-- What this task involves --
Output only the lines below from the one holding "Wiederverkauf - Villa" down to the one holding "Orihuela Costa - Dehesa de Campoamor", both end lines included and every picture dropped.

-- Input records --
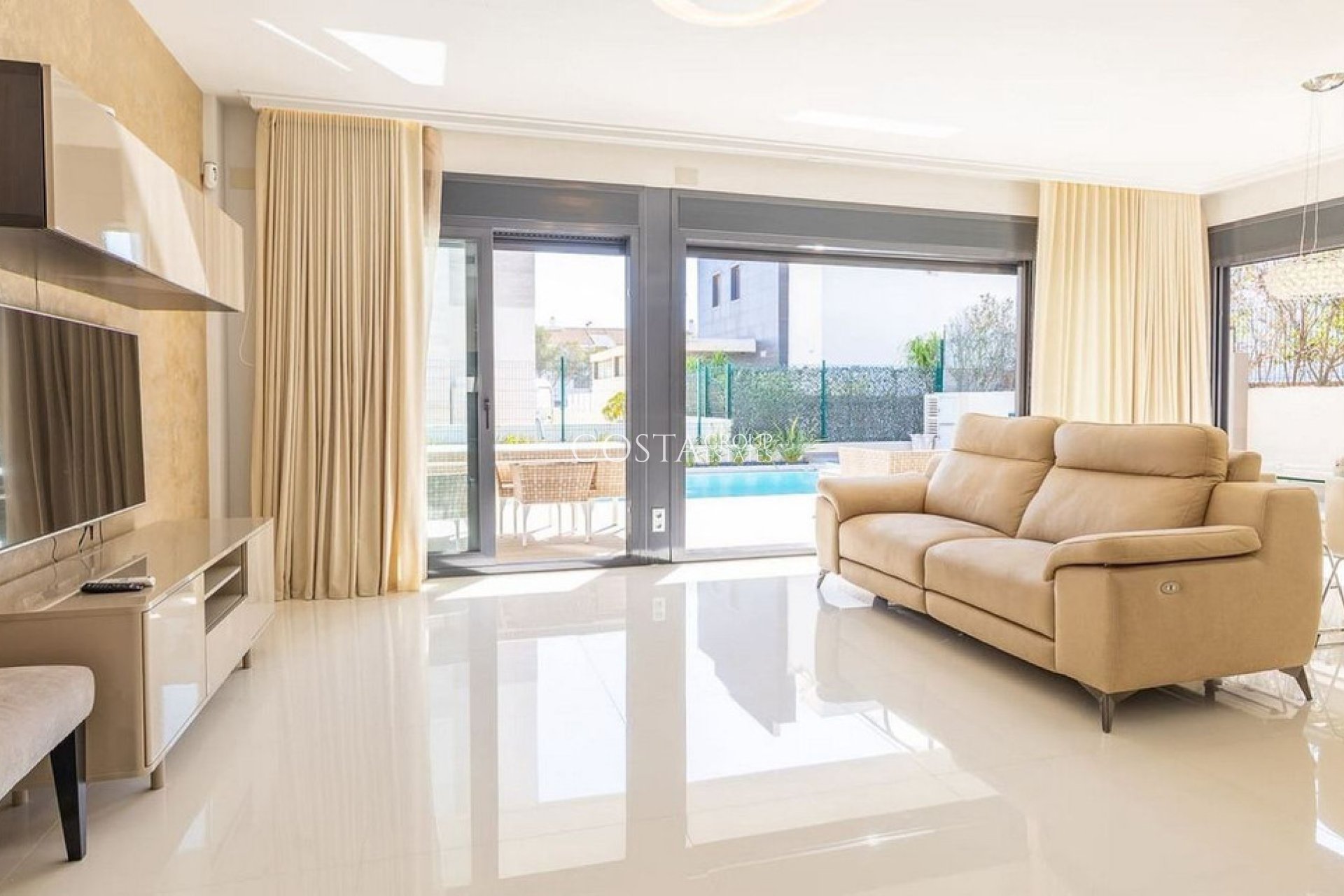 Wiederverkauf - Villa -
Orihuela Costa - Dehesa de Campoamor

---

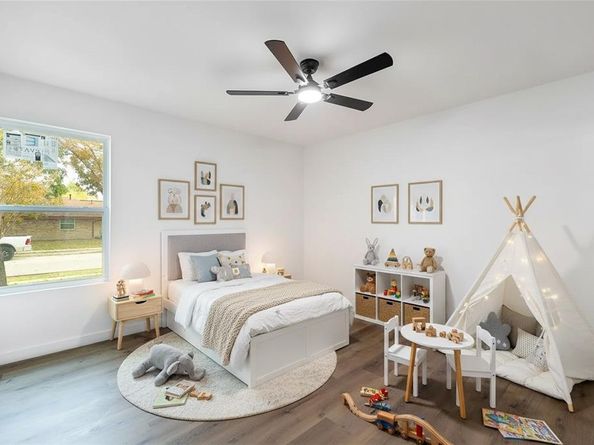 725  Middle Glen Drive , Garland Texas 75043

...

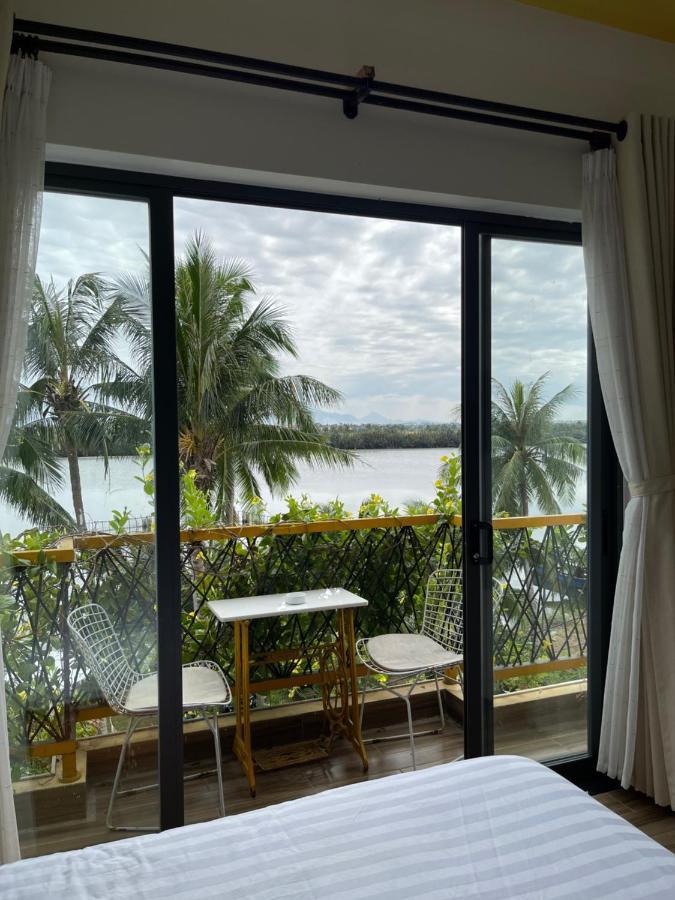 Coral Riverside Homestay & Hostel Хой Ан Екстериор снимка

-- Written response --
 Wiederverkauf - Villa -
Orihuela Costa - Dehesa de Campoamor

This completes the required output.